Two years after fatally shooting a Black teenager as he sat in the driver’s seat of a car, a white Connecticut state trooper has been arrested. The family and supporters of the deceased 19-year-old say they are happy about the arrest but believe they have “a long road ahead” before receiving justice for the college student.
Trooper Brian North, who turned himself in on Tuesday, April 19, shot and killed Mubarak Soulemane on Jan. 15, 2020, in West Haven, Connecticut. The officer fired into the vehicle after a high-speed chase that ended with the teenager boxed in by officers’ cars.
North has been charged by the Inspector General’s office with first-degree manslaughter with a firearm.
The officer released a 133-page document with a summary stating, “the investigation establishes that at the time Trooper North fired his weapon, neither he nor any other person was in imminent danger or serious injury or death from a knife attack at the hands of Soulemane.”
“Further, any belief that persons were in such danger was not reasonable. I, therefore, find that North’s use of deadly force was not justified under Connecticut Law.”
It is alleged the teen, whose family says he suffered from schizophrenia, carjacked a vehicle in Norwalk before troopers chased him down on Interstate 95.
During the pursuit, the young man reportedly hit two state police cruisers and an innocent civilians’ vehicle. When the troopers had the suspect boxed in with their vehicles, they were joined by members of the West Haven police force, who arrived to assist.
Bodycam footage shows one of the West Haven officers smashing in the front passenger seat window of the car Soulemane was in. Then a trooper is seen attempting to shoot the teenager with a stun gun that later proved to be broken.

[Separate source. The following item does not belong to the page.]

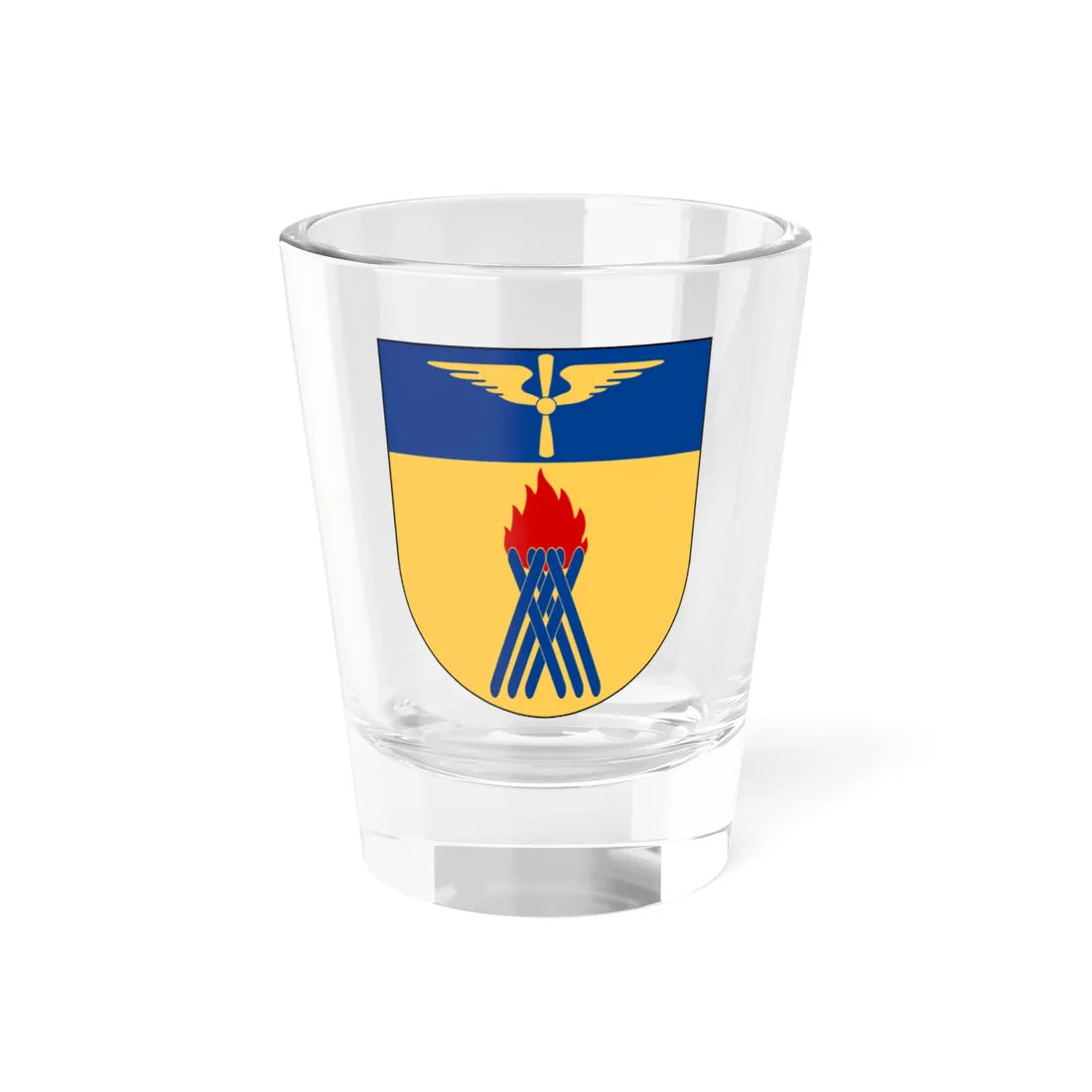 Flygvapenfrivilligas riksförbund vapen (Sweden) (Coat of Arms) Shot Glass 1.5oz 1.5oz - Go Mug Yourself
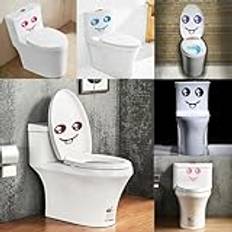 JTZYM 20 x 14 cm 5 st lila leende ansikte självhäftande toalettlock klistermärken roliga toalettklistermärken för sätesvägg PVC kylskåpsklistermärken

This gave way for North to fire his handgun seven times in the window on the driver’s side of the vehicle. Police say he shot after Soulemane flashed his knife at him.
The inspector general believed de-escalation “could and should have been attempted, possibly with the assistance of officers with crisis intervention training.” Versus “dramatically” escalating the situation by shattering the window.
Rev. Al Sharpton, who attended the man’s memorial, remarked something didn’t “smell right,” as he listened to what was being presented as facts.
Community outrage, led by the family and the NAACP, ensued as stakeholders agreed with the inspector general, saying officers did not have to use deadly force when attempting to apprehend Soulemane, believing de-escalation training should have been the first option for the cops.
Soulemane’s family’s attorney, Mark Arons said in a statement, “The family of Mubarak Soulemane is very happy that, after 2+ years, Trooper Brian North, who murdered Mubarak in West Haven in January 2020, may be brought to justice.”
“It’s a long road ahead. But this is a good day.”
He also said, “This was yet another horrendous act of violence against a young man of color that was totally unnecessary.”
State police confirm North, who previously was placed on paid administrative leave and had his police powers suspended, turned himself into the state inspector general at the Bethany state police barracks around 7:30 p.m.
Gov. Ned Lamont released a statement on Wednesday morning praising the policy he put in place that can lead to more police accountability.
“I signed the police accountability bill nearly two years for situations just like this one. By having an independent IG (Inspector General) who investigates cases instead of police investigating other police, the public can be more confident in the officers who serve and protect them. 99.9% of the police across our state do a great job and deserve our trust. The process we’re seeing play out now is methodical, and we’ll leave it to our courts to now serve justice.”
The Connecticut State Police Union is rallying for North, stating they will “vigorously defend Trooper North and his actions” and believe they are obligated to protect Trooper North’s constitutional right to due process of law and a fair trial.”
A statement from the union said in part, “Trooper North was risking his own life while trying to fulfill his oath of office to protect the lives of others. Regardless of the Inspector General’s decision, we will respect the judicial process.”
Andrew Matthews, Executive Director of the Connecticut State Police Union, doubled down on the organization’s position with his own statement:
“When a trooper or a police officer in CT or anywhere in the country is forced to make a split-second decision that others can analyze and reanalyze and find subject matter experts that give different opinions and that one individual person appointed by the legislature can make a decision on whether a police officer should be prosecuted criminally for that, that’s concerning to us, but that’s the process and we’ll respect it.”
North was released on a $50,000 bond and is due in court on May 3.